#### Problem description
Repeat exactly the lines below that lie between the line with "67, CLIFF ROAD, WALLASEY, CH44" and the line with "Shaka Zulu Hockey", counting both of those lines as part of the answer.

#### Material to process
□ □ □
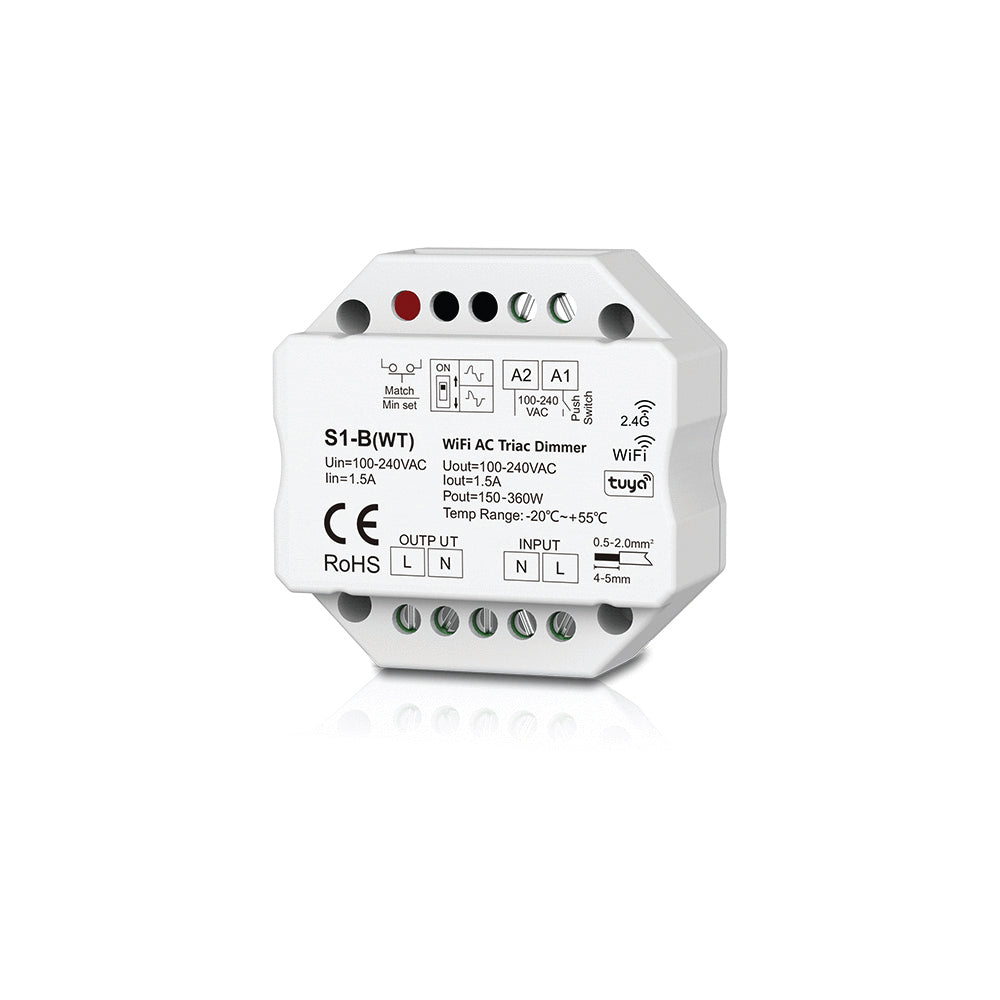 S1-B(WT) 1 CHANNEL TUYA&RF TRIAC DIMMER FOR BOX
□ □ □
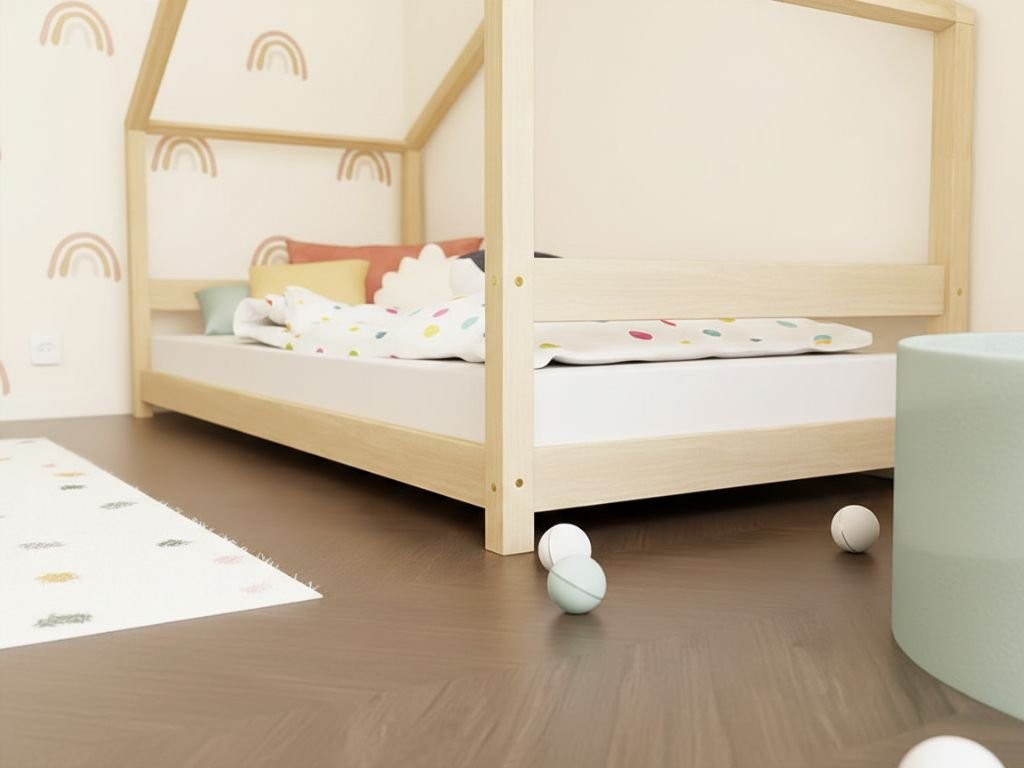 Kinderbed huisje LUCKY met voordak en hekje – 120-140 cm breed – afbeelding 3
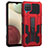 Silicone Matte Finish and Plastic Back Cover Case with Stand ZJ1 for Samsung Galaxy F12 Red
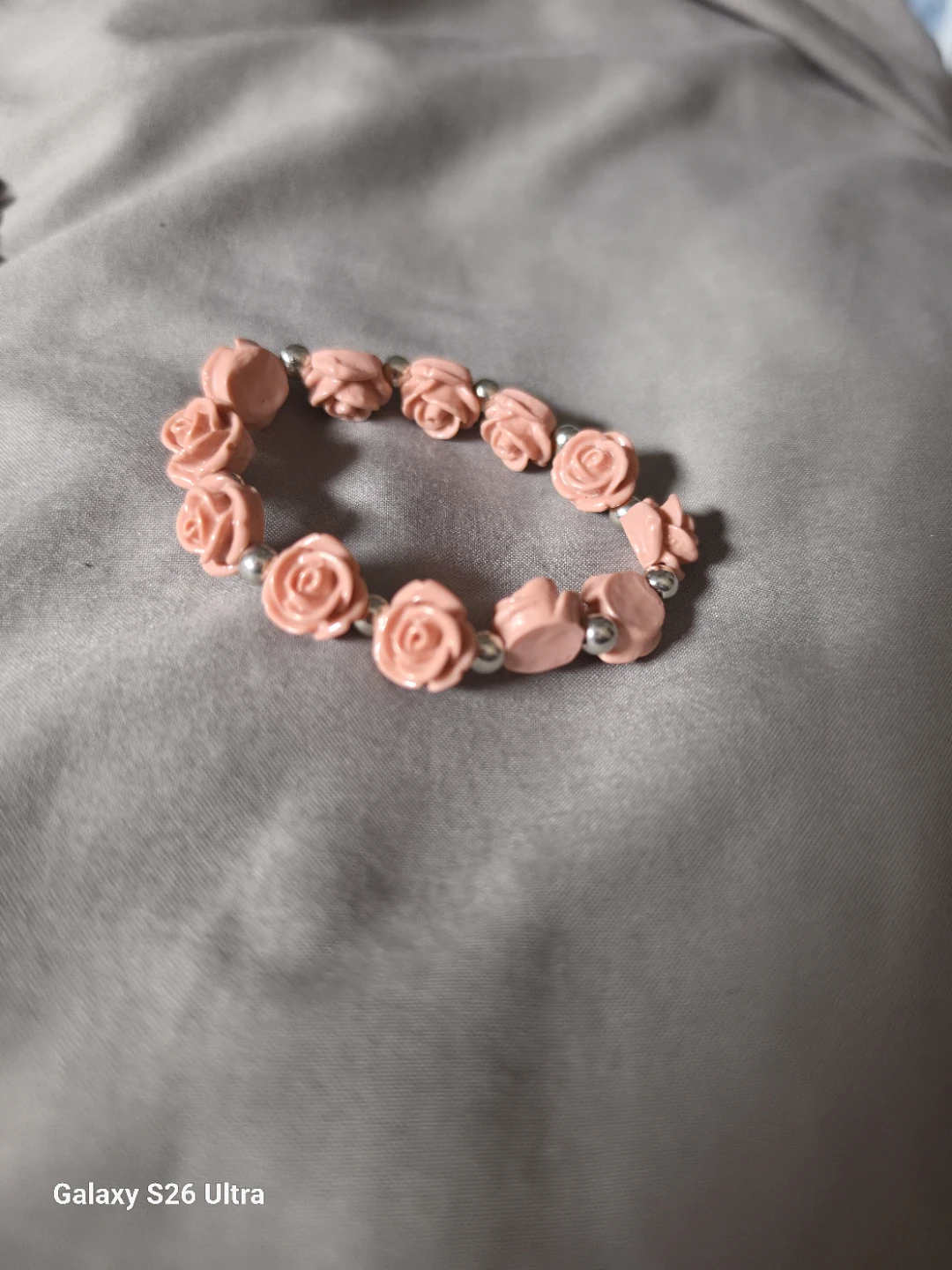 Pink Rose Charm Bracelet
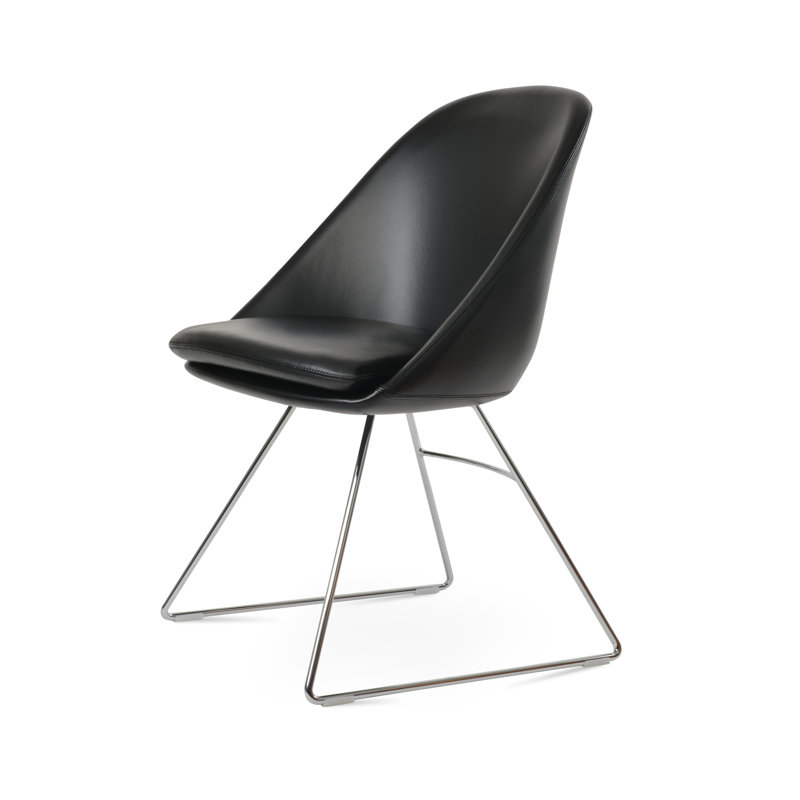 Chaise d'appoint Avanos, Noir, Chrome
□ □ □
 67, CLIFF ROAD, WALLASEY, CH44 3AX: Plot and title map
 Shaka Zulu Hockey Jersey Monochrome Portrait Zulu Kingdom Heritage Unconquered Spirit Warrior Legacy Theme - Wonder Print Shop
□ □ □
#### Finished exercise
 67, CLIFF ROAD, WALLASEY, CH44 3AX: Plot and title map
 Shaka Zulu Hockey Jersey Monochrome Portrait Zulu Kingdom Heritage Unconquered Spirit Warrior Legacy Theme - Wonder Print Shop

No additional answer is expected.